- What needs to be done -
Nothing after the line with "Here in this" belongs in the copy; extract the lines below from the top through that line, pictures left out.

[Items from a dataset]
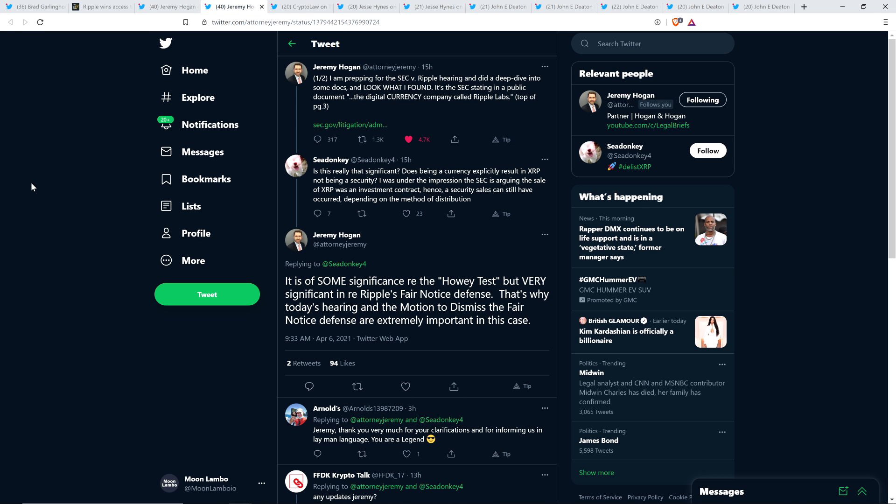And then there was this also. Somebody named Sea Donkey asked attorney Jeremy Hogan, is this really that significant? Does being a currency explicitly result in XRP not being a security? I was under the impression the SEC is arguing the sale of XRP was an investment contract. Hence, a security sale can still have occurred depending on the method of distribution.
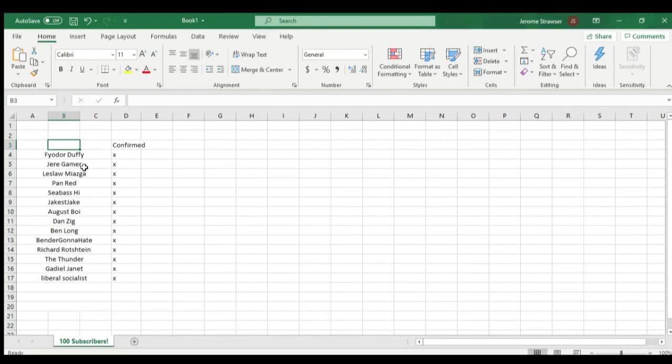Hello everyone, this is a quick video. This is a list of all the people for the 100 subscriber count who commented that they were interested in a copy of Totally Accurate Battle Simulator.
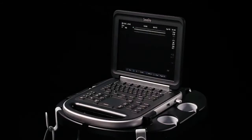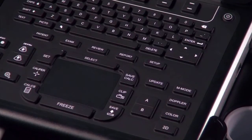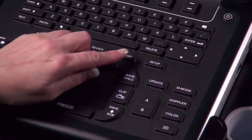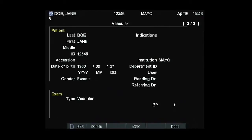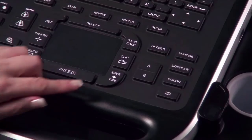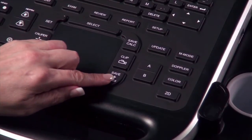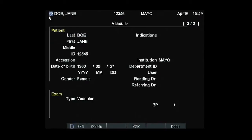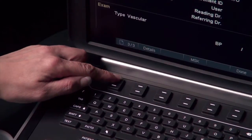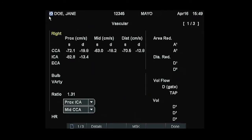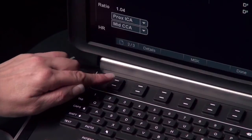To view a report of all patient data and measurements, select the Report key. This information can be saved with a patient exam by pressing the Save key. Each page of the report can be viewed by pressing the next key in the on-screen menu. Save each page of the report to include with the patient exam information.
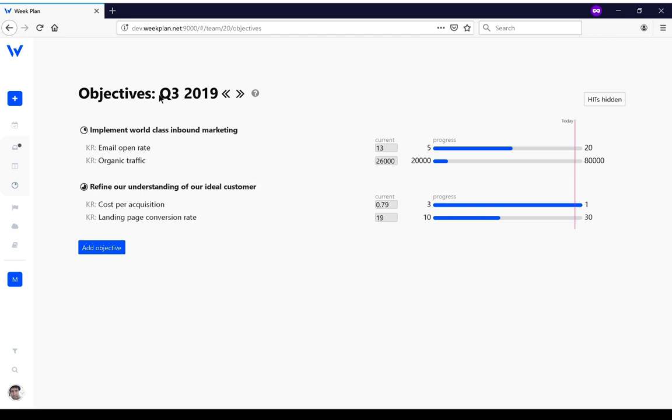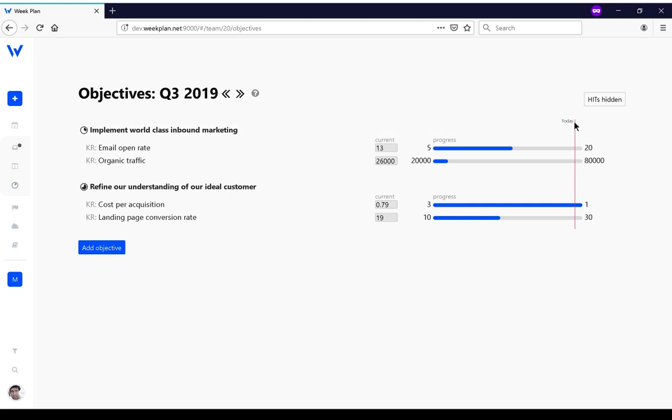Here in this view you can see the current value for each of the key results, which you can update at any time, and also the progress you've made from your original value to the target value. You also have an indicator here of where you are in the quarter to know how much time you've got left to actually make progress.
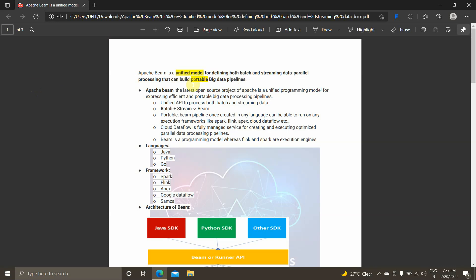What does portable big data pipeline mean? For example, if today's requirement is to execute everything in Cloud Dataflow, the execution engine will be Cloud Dataflow. But if after two or three months the requirement changes and the Dataflow runner is replaced with a Spark engine, I don't need to rewrite everything from scratch. I can take the Apache Beam code and put it into the Spark execution engine and it will work. This is the main and most important advantage Apache Beam brings over other big data technologies.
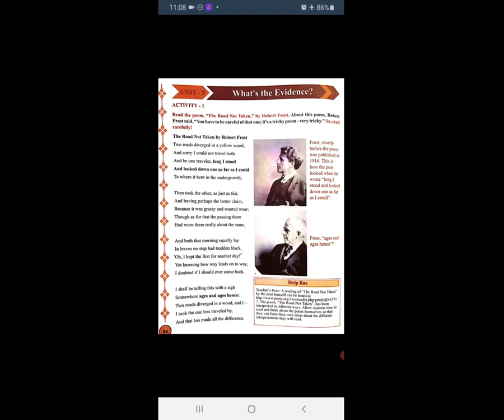Shortly before the poem was published in 1916, this is how the poet looked when he wrote — long I stood and looked down as far as I could. He looked at his poem. The Road Not Taken by Robert Frost.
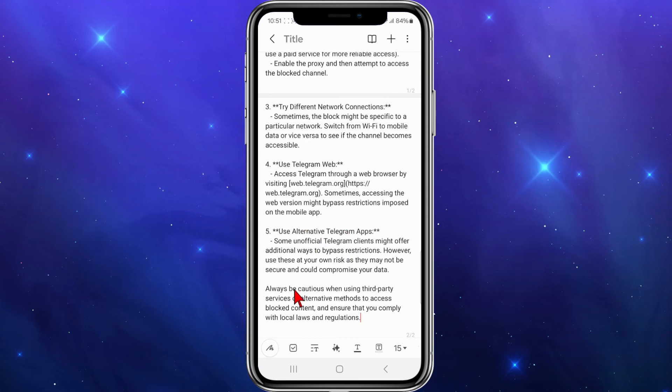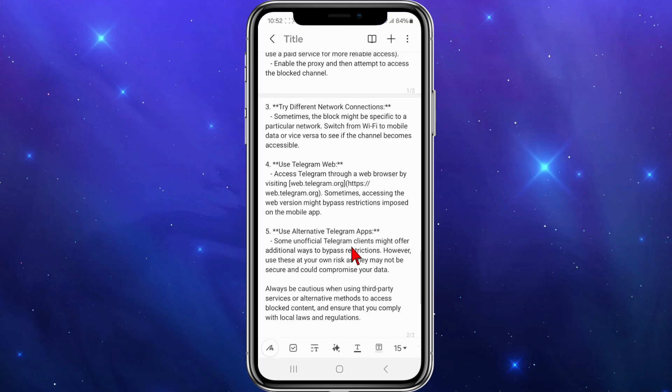The last method, if all else fails, is to use an alternative Telegram app. Some unofficial Telegram clients might offer additional ways to bypass restrictions. However, use these at your own risk, as they may not be secure and could compromise your data — so be cautious with that option. Overall, be cautious when using third-party services or alternative methods, and ensure that you comply with local laws and regulations.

- Solution -
And then there was this also. Somebody named Sea Donkey asked attorney Jeremy Hogan, is this really that significant? Does being a currency explicitly result in XRP not being a security? I was under the impression the SEC is arguing the sale of XRP was an investment contract. Hence, a security sale can still have occurred depending on the method of distribution.
Hello everyone, this is a quick video. This is a list of all the people for the 100 subscriber count who commented that they were interested in a copy of Totally Accurate Battle Simulator.
To view a report of all patient data and measurements, select the Report key. This information can be saved with a patient exam by pressing the Save key. Each page of the report can be viewed by pressing the next key in the on-screen menu. Save each page of the report to include with the patient exam information.
Here in this view you can see the current value for each of the key results, which you can update at any time, and also the progress you've made from your original value to the target value. You also have an indicator here of where you are in the quarter to know how much time you've got left to actually make progress.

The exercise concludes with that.